[[ RECORDED DATA, beginning ]]

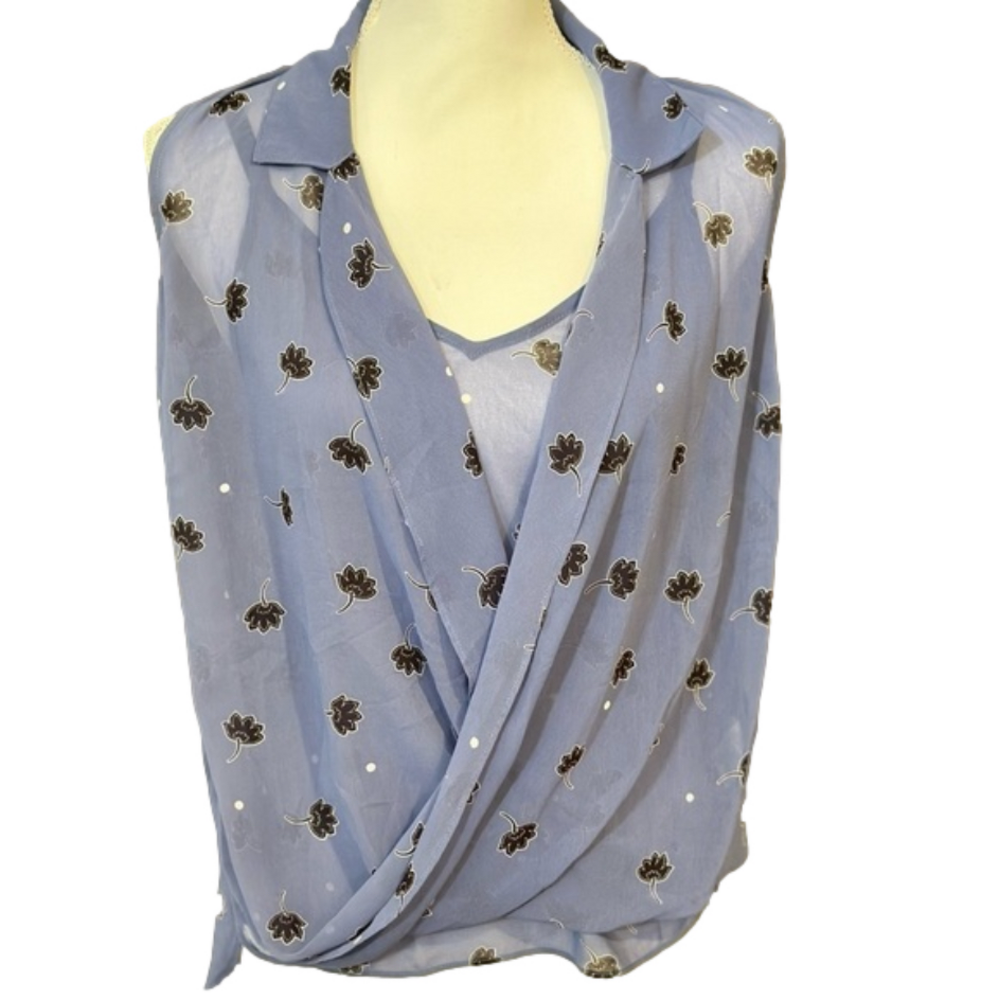Cabi Layered Blouse Plunge Cowl Neckline‎ Sleeveless Purple Black Polka Dot XS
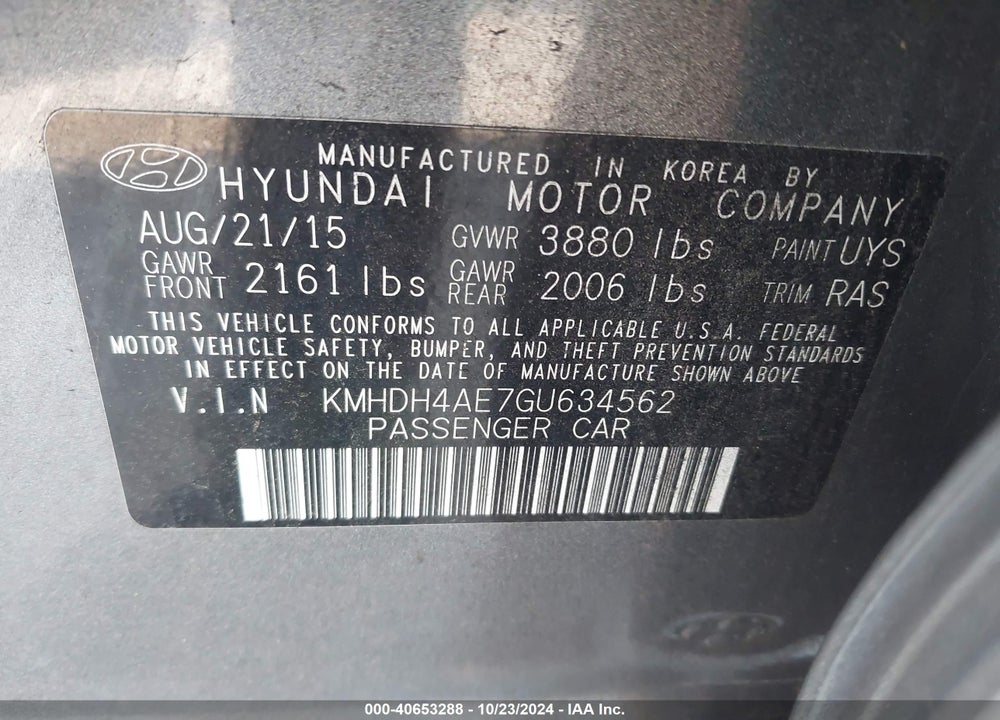 2016 HYUNDAI ELANTRA SE VIN: KMHDH4AE7GU634562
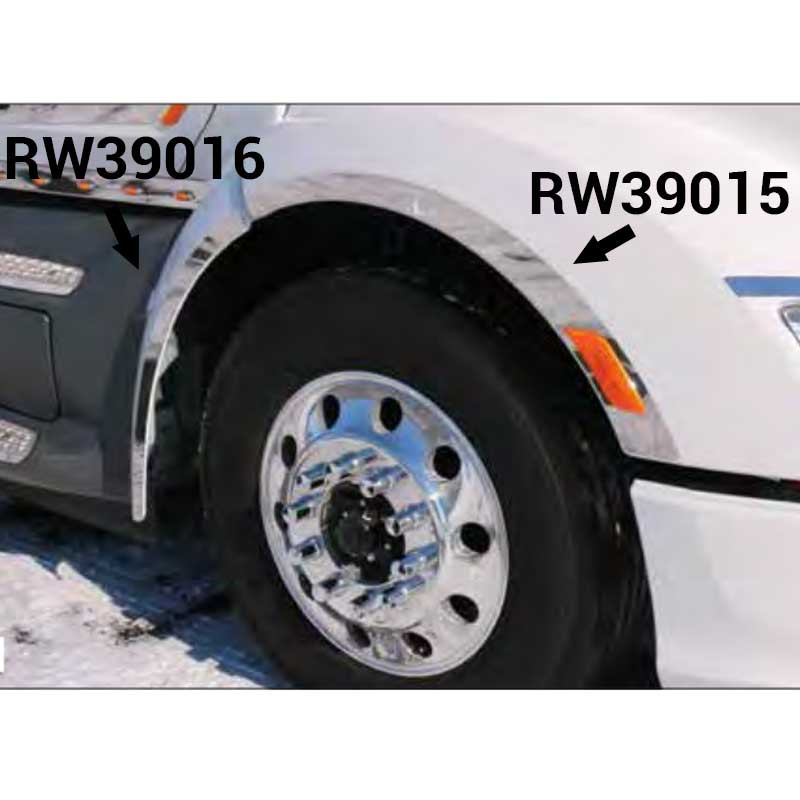 Stainless 579 Fender Trim for the Hood and Cab Fairing Section - Mounts on Cab Fairing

[[ RECORDED DATA, end ]]

## PROMPT
The whole listing must be restated word for word. Leave out any pictures.

## EXERCISE OUTPUT
Cabi Layered Blouse Plunge Cowl Neckline‎ Sleeveless Purple Black Polka Dot XS
 2016 HYUNDAI ELANTRA SE VIN: KMHDH4AE7GU634562
 Stainless 579 Fender Trim for the Hood and Cab Fairing Section - Mounts on Cab Fairing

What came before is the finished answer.